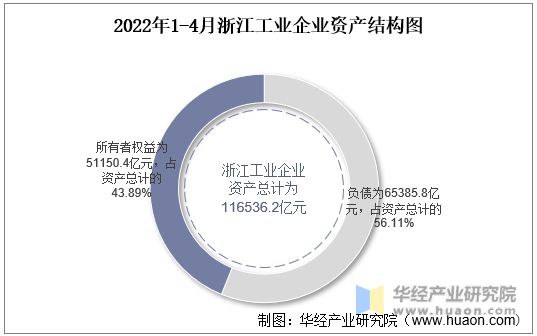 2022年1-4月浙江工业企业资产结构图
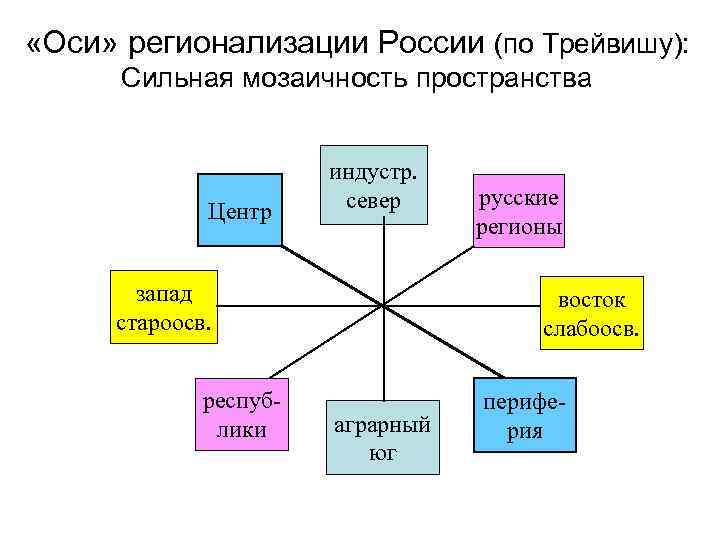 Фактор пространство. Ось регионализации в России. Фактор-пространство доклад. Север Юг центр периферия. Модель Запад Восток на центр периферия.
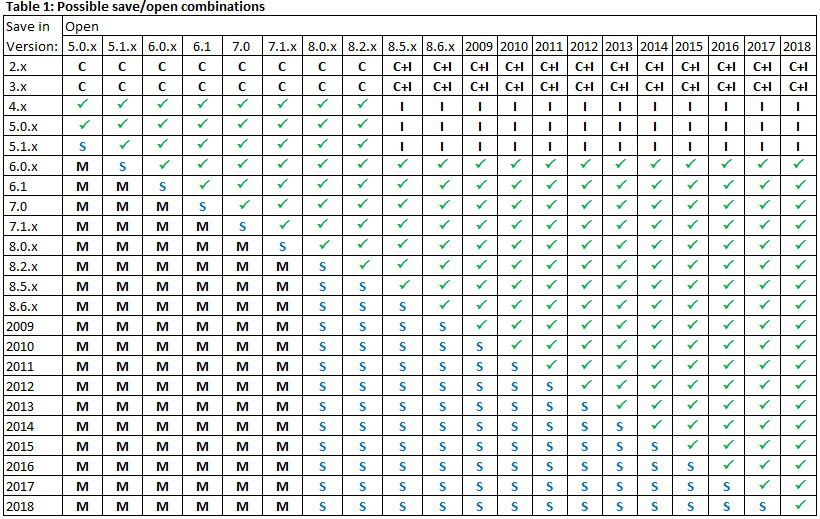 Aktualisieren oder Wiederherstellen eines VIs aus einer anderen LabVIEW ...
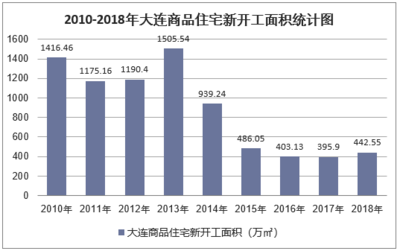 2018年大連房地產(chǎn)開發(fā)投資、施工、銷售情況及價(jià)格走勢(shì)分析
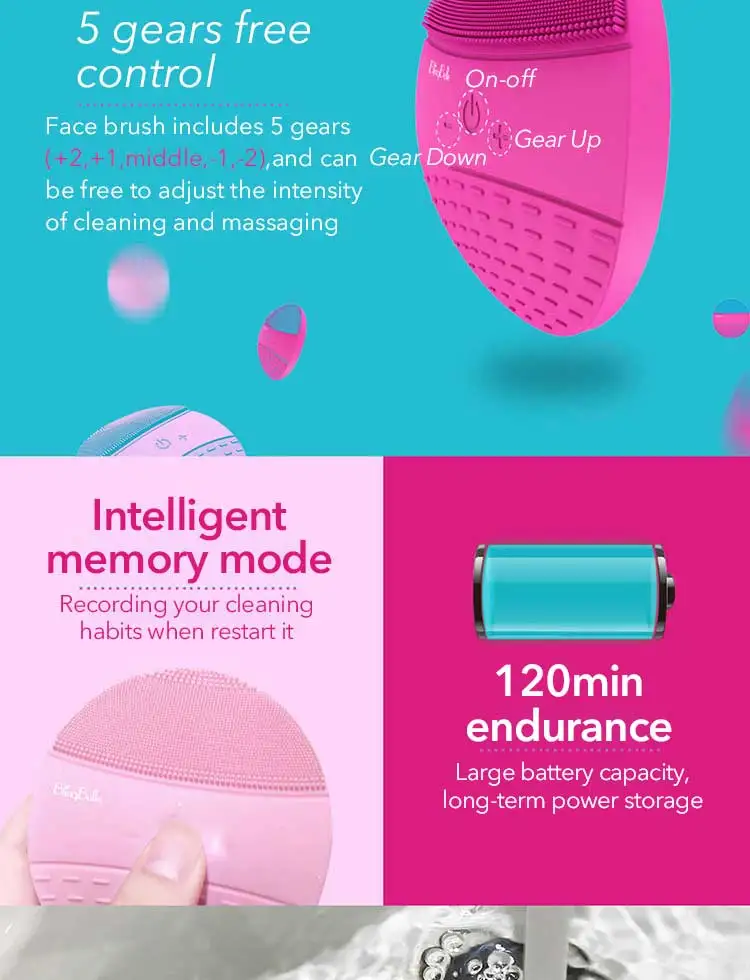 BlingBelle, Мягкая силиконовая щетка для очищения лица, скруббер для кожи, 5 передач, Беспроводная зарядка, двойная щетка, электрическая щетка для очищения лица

* * *

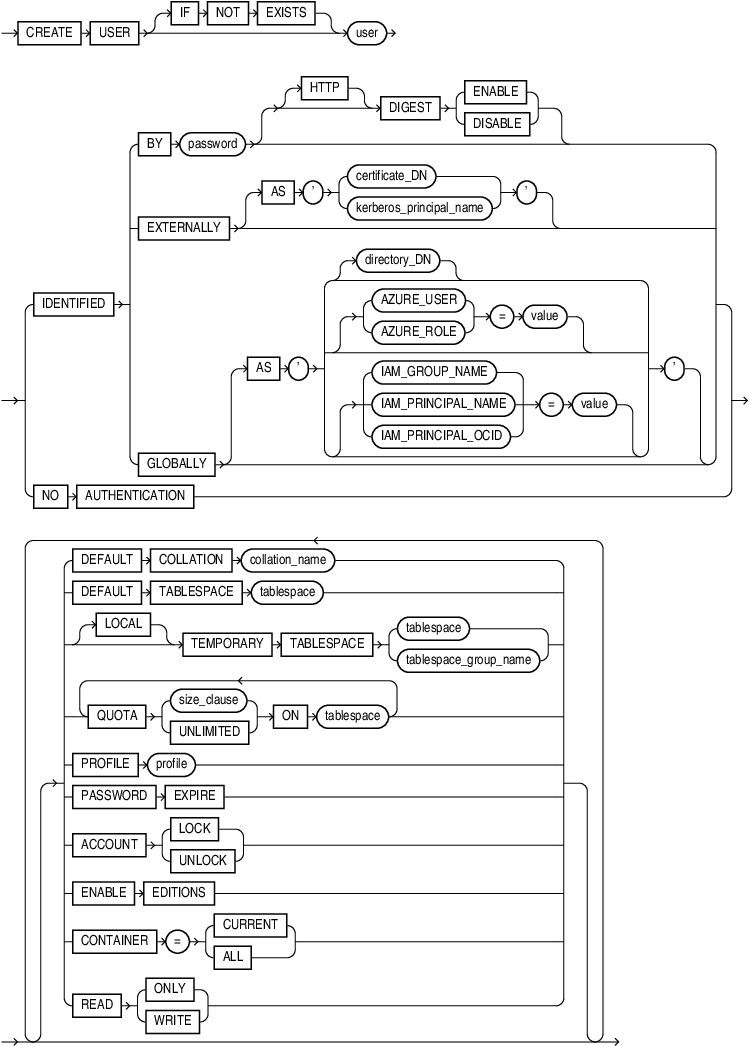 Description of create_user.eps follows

## Task to complete:
Only one part of the material above is wanted: the lines from the one with "Фактор пространство. Ось" up to and including the one with "2018年大連房地產(chǎ". Please copy them exactly, pictures left out.

## Result of this exercise:
 Фактор пространство. Ось регионализации в России. Фактор-пространство доклад. Север Юг центр периферия. Модель Запад Восток на центр периферия.
 Aktualisieren oder Wiederherstellen eines VIs aus einer anderen LabVIEW ...
 2018年大連房地產(chǎn)開發(fā)投資、施工、銷售情況及價(jià)格走勢(shì)分析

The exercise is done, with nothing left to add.